Denario's escape had been narrower than he'd thought.

“Of course they got the tax box,” said the old woman.  In her way, she looked sturdier than her son.  “Someone came behind and got other things, too, things that bandits, real bandits I mean, wouldn't leave.  They didn't even check for jewelry!  Can you imagine?”

“Ugh.  Mom, that's gross.”  The lad turned away from his mother as she pawed at a body that had an arrow through its chest.

“I'll bet it was the Farmars.  Old Gordi comes through here every other day but he's the type who wouldn't stoop to searching the bodies.  Or he took a couple things, I'll wager, because there are cart tracks all around.  He couldn't help himself.  Hmm, no, it would be more likely that his boys did it while he wasn't watching.  But they didn't loot properly, not in front of their dad.  And they'll report the loss of the stagecoach.”

“They will?”

“No question.  They're probably in Zeigeburg right now, gathering up folks to come back and clean up, maybe even to send a letter to the baron.  The coach is under the baron's protection, after all.”

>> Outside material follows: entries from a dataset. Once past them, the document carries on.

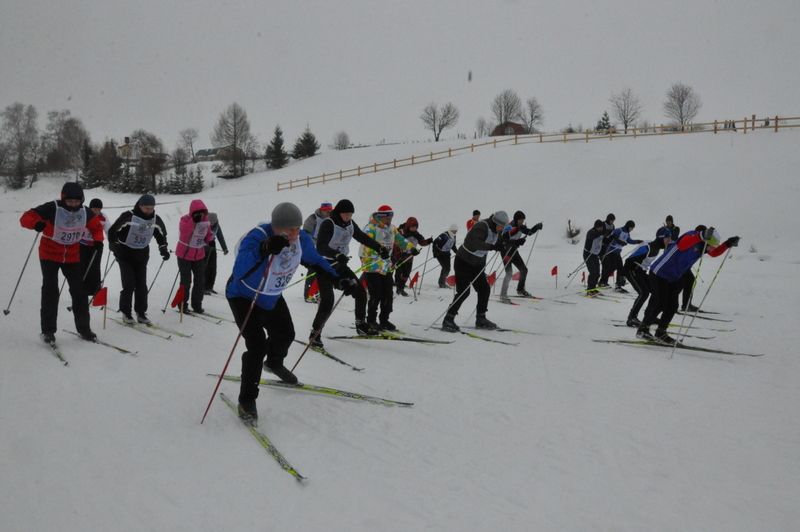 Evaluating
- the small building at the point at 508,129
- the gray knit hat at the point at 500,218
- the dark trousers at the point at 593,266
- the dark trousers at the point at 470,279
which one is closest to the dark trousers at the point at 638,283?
the gray knit hat at the point at 500,218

“Ouuh, ma.”  Something his mother did made him shudder.  Denario didn't like the sound of it.

“Got to do it, my boy.  Do you have any idea how much this stuff is worth?   And look.  Look at this chain.  She had it around her, well, never mind.”

“That's awful.”

“That's gold, that's what it is, or near enough.  And it's jewels, too, or pretty glass.  Doesn't make much difference.  Someone will pay well.  Get down and search the driver.  Make yourself useful.”

“He won't have nothing,” the young man complained as he dismounted.

“If bandits searched these folks, they weren't any bandits we know.”

“Do we know any, ma?”

“Oh!  Like you don't know your uncles!  Just keep looking.”

Denario felt sorry for the young man, who was trying to brush away flies and not look at the body he was pawing rather ineffectively.  The driver had dressed in a classic black suit jacket that hid most of the damage from view, Denario was pretty sure.  Well, there was no point in sticking around.  Part of him itched to rush at these grave robbers and give them a scare.  Maybe they would think he was a bandit and flee.  Or maybe the boy would turn and stab Denario.  Or maybe his mother would do it.  That seemed more likely.

He could hit them with poison darts.  The idea struck him as he took his first step away.  But that didn't make sense.  Probably they weren't bad people.  They just saw a chance at free money.  And if he killed them and then took their money and their horse, what would that make him?  No, it was better to keep going.  He would come to the fork in the trail soon.  Then he'd make his way downhill to the Rune Kill and, with any luck, find a boat to carry him to Oggli, where his life would be sane.

That was a prospect he could look forward to.  He would have skipped through the forest except for his need to be quiet.  He'd almost forgotten that his partner Curo had gotten most of the money from this venture.  Curo would have needed to spend some of it but still there would  be a tidy sum awaiting Denario when he got back.  He rubbed his hands together as he contemplated it.